- **Source material**

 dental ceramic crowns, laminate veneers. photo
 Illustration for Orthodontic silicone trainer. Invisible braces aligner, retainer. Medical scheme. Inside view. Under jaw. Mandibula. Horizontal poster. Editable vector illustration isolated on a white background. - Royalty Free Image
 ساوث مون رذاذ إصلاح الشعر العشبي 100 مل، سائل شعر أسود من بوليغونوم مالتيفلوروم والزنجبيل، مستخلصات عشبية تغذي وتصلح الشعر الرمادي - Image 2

- **Exercise brief**
Among the lines above, return those that contain the string "Image".

- **Expected answer**
 Illustration for Orthodontic silicone trainer. Invisible braces aligner, retainer. Medical scheme. Inside view. Under jaw. Mandibula. Horizontal poster. Editable vector illustration isolated on a white background. - Royalty Free Image
 ساوث مون رذاذ إصلاح الشعر العشبي 100 مل، سائل شعر أسود من بوليغونوم مالتيفلوروم والزنجبيل، مستخلصات عشبية تغذي وتصلح الشعر الرمادي - Image 2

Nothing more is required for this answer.